Todos os assassinos se deleitam com meu silêncio

Tenho algo a dizer. Mas, tão logo penso em dizê-lo, sou possuído por um pudor desmedido. Prudência ou covardia? É a virtude que engendra o vício ou o contrário? Ah, se pudesse romper a barreira invisível que me impede de urrar como um cão agonizante as verdades que trago apertadas ao peito!

Mas me calo… e, calando, dou aval a todos os tiranos deste e dos outros mundos. Todos os assassinos se deleitam com meu silêncio. Não há facínora que não sorria com júbilo vendo esta minha boca fechada. Nela não entram moscas; dela não sai nada.

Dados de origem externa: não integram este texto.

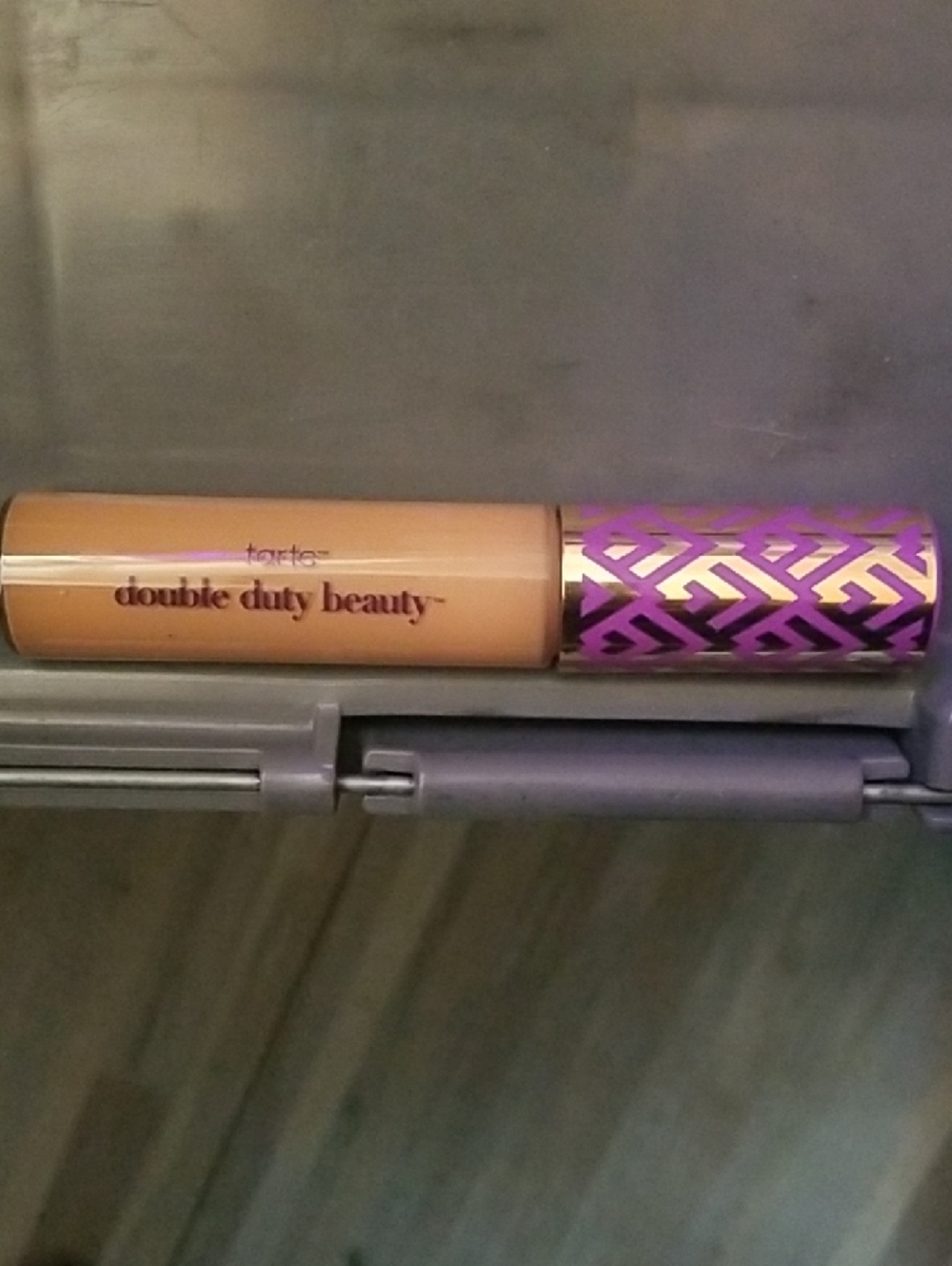 tarte Shape Tape Contour Concealer - 47s Tan-deep Sand - Picture 2 of 5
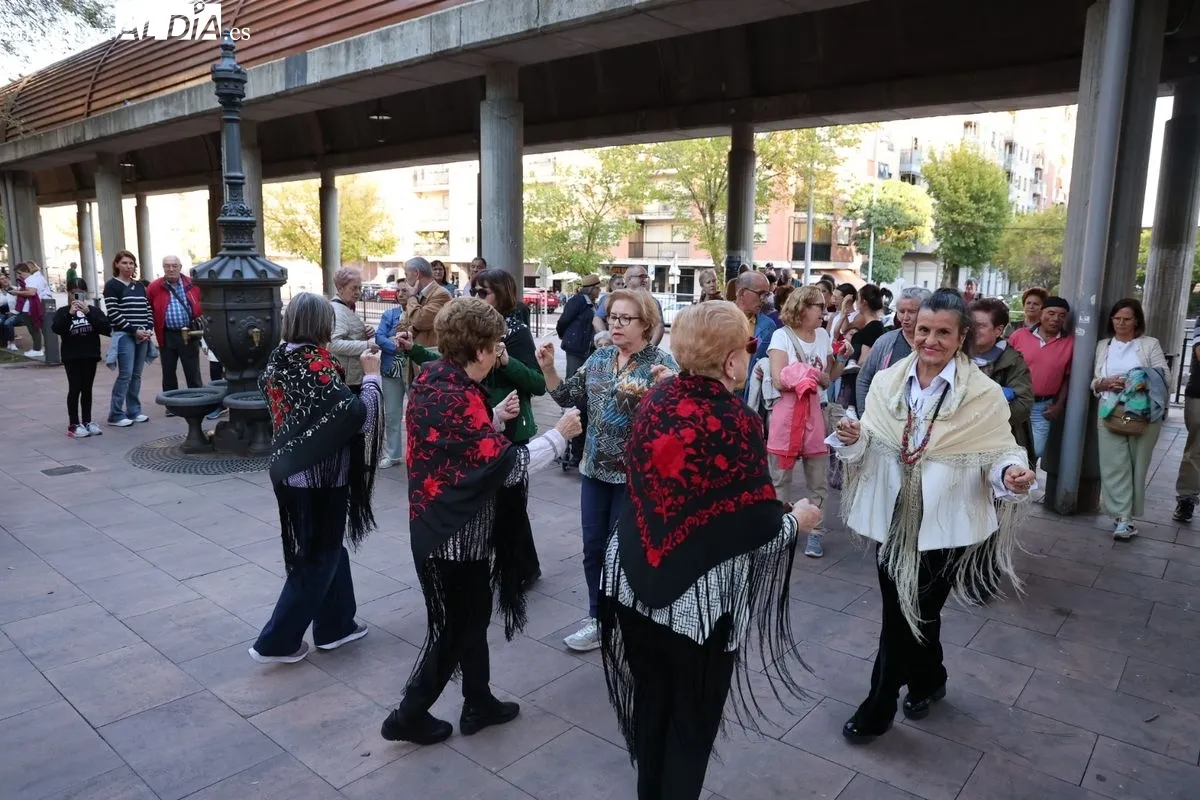 Actividades en la plaza de Barcelona con motivo de las fiestas del barrio Garrido. Foto: David Sañudo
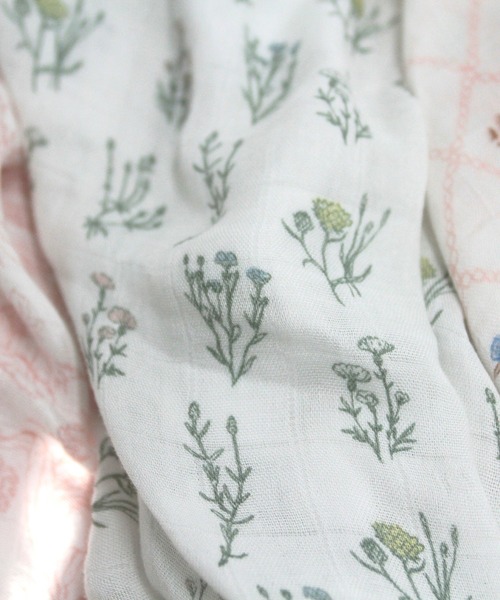 aden + anais （エイデンアンドアネイ）の「スワドル 3枚入り（おくるみ・キッズ・スカイブルー/ローズ/ホワイト×ピンク/ホワイト×ブラウン・FREE）」の15枚目の写真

Faço um esforço. Busco na minha memória já gasta aquelas palavras que estiveram prestes a sair e agitar o ar em ondas que viajariam sem sentido até que pudessem ressoar em ouvidos humanos… para encontrar outra vez algum significado. Porém, não as encontro mais. Em meio às cem mil vozes que gritam em minha cabeça, já não encontro a minha. Foi abafada, sufocada, a voz da minha infância. Como, então, gritar? Seria outro. E os que me ouvissem, pensariam que sou o fulano ou o sicrano. E como eu poderia provar que aquele que está ali a berrar sou eu, autenticamente eu, se eles me vêem outro?

Já não posso dizer nada. Seria um erro. É tarde demais.

E se acaso me pedissem? E se viesse a mim toda a gente, implorando por uma palavra, por um gemido meu que pudesse redimi-los? E se, de repente, em meio a ovações, ordenassem: “Vai, é tua hora, fala!”…

E eu, em silêncio, idiotizado, com milênios de gritos congestionados na garganta, com os olhos vidrados num misto de ódio e misericórdia… eu abriria um sorriso amargo, cerraria os punhos num gesto revolucionário e, enfim, diria triunfante: “vão à merda!”